I was in London last week and picked up two bars of Paul A Young's whole bean chocolate.
I brought it back to NY and tasted one of the two bars (the 64%) with a number of friends and colleagues who are professional and semi-professional/trained chocolate tasters and the most flattering comment was,
"It's not as bad as I thought it was going to be."
First off, the texture is all wrong. And it's not different like the Sicilian chocolates that are crunchy or chocolate that is under-refined and gritty, it's just wrong. Chewy kind of.
The 64% is surprisingly very sweet, and this may be because the sugar can't be refined smaller than the shell fragments which means the sweetness is more present than it would be if it were refined and conched (properly) into the chocolate. A low roast may also be a part of the reason.

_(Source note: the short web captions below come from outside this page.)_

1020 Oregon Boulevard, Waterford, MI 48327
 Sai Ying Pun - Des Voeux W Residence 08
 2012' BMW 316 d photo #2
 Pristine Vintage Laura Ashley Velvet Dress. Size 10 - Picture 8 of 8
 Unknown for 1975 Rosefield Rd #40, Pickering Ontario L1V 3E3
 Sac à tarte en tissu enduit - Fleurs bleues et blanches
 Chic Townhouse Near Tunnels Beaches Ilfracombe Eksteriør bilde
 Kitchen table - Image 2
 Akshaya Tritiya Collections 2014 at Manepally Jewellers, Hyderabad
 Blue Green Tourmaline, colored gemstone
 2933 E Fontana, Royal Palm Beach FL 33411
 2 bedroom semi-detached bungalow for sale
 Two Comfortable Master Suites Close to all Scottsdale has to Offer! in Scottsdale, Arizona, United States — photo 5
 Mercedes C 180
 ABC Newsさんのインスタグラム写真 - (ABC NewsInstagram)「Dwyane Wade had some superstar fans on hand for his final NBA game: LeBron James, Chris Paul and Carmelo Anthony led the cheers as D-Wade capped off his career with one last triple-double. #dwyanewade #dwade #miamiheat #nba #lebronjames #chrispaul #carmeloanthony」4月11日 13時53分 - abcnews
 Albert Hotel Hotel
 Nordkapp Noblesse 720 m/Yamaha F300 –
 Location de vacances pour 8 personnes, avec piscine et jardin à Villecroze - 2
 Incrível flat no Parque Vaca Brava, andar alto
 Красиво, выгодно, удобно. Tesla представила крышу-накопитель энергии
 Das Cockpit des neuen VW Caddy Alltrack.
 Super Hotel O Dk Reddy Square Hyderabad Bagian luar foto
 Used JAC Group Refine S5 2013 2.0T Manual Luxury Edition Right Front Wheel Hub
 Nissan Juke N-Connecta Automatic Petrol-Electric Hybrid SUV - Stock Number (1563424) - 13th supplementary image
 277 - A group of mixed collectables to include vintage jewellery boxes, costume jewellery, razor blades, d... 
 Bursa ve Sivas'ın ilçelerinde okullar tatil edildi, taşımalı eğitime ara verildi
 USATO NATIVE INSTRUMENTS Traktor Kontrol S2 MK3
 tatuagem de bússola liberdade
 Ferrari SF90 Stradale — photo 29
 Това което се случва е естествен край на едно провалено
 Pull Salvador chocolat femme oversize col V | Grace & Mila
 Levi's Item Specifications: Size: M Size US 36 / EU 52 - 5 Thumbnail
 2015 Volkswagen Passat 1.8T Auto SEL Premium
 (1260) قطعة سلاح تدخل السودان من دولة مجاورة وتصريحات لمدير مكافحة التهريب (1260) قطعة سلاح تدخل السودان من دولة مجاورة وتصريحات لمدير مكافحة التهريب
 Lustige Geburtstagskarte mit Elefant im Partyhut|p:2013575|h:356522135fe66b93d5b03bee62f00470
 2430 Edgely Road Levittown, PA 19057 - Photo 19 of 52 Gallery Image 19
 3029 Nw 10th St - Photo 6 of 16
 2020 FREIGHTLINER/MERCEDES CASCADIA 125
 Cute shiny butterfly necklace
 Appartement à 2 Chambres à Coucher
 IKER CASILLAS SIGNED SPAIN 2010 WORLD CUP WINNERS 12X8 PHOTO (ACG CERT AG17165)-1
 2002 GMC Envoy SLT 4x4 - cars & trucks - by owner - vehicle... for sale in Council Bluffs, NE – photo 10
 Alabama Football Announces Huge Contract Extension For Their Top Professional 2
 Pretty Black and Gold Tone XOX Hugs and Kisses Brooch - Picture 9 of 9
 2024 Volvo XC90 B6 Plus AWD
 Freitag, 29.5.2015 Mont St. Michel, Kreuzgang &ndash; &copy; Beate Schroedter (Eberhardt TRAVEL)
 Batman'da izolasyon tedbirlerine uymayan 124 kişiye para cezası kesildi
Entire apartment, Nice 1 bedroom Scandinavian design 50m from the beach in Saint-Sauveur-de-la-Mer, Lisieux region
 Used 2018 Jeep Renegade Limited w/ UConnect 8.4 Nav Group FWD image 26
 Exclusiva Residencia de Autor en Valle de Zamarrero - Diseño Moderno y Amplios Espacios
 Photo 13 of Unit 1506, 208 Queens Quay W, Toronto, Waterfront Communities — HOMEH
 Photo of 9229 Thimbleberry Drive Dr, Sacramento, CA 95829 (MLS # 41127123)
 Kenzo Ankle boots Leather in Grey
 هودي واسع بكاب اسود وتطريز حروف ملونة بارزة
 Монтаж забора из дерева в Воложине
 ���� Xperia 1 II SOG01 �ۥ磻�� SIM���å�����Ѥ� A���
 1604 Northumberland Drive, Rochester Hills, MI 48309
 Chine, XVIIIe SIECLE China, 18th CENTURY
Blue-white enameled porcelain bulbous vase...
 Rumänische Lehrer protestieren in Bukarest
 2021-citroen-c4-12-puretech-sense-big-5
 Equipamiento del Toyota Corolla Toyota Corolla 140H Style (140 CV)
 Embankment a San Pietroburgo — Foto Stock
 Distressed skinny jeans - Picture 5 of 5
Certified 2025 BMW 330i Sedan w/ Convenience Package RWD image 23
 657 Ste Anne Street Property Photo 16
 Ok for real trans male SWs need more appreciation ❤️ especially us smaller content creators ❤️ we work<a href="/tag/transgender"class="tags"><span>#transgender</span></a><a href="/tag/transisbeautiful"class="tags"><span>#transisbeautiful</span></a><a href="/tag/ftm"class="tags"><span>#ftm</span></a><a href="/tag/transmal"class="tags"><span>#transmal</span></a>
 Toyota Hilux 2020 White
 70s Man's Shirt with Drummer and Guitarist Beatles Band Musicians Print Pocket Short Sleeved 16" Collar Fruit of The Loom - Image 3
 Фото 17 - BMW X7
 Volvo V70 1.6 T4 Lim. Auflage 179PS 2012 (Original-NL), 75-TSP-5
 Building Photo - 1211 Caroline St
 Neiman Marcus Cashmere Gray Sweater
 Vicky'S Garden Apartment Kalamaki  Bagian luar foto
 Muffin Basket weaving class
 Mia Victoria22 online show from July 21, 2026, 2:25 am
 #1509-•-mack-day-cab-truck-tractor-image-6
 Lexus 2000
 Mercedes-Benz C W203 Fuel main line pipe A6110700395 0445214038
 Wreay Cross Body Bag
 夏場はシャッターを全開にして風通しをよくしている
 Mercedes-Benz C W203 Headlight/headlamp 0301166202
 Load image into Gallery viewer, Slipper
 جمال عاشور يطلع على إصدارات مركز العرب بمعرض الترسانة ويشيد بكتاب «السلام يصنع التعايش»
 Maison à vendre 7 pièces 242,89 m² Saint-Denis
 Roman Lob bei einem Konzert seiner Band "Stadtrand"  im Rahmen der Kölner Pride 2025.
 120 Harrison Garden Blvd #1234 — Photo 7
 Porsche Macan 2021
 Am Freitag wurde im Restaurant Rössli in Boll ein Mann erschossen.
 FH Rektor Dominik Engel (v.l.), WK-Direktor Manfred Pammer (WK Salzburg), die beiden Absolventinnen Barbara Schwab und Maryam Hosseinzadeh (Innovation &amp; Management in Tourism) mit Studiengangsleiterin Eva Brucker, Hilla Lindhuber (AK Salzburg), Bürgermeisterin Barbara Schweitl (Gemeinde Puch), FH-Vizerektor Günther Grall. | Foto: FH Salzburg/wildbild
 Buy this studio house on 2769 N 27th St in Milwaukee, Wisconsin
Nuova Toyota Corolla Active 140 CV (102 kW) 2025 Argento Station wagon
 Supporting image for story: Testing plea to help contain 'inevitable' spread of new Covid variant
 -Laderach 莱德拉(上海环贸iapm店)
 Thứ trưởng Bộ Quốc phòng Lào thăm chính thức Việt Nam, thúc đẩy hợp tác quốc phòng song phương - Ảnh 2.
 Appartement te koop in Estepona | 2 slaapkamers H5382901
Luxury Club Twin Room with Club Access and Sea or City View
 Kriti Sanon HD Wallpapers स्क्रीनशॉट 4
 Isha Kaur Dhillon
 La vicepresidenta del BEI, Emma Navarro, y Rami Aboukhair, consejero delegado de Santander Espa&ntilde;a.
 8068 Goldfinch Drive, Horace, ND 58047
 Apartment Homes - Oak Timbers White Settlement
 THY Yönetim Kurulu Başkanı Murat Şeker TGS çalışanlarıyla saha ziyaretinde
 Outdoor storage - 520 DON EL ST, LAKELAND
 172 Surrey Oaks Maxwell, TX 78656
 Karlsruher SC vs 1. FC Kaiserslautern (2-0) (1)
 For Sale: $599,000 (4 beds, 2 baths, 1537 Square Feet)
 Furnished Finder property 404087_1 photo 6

There is a very unpleasant aftertaste on the bar that kind of gets stuck in the back of the throat and lingers there, menacingly demanding that it be washed away by something stronger than water.
One of the reviews mentioned something about the taste of parmesan cheese, which might come partly from lactic acid. That said, if I want my chocolate to taste like parmesan I want it to taste like parmesan because someone added parmesan to the chocolate. David Briggs at Xocolatl de David in Portland, OR does this and it's quite nice, actually.
The Brits can have it as far as I am concerned, but it's a huge step backwards for the craft chocolate world in general and I hope that someone in the UK wakes up and recognizes that this emperor is not wearing any new clothes and tells Paul that while it may be a decent marketing stunt that's all it is.
It's not bloody brilliant and it's not more wholesome. It's stupid and a real potential health hazard if it's actually being made as described in the articles and reviews.
I am very glad that it's actually illegal to sell this in the US as chocolate because of the high shell content. It's a chocolate-like substance.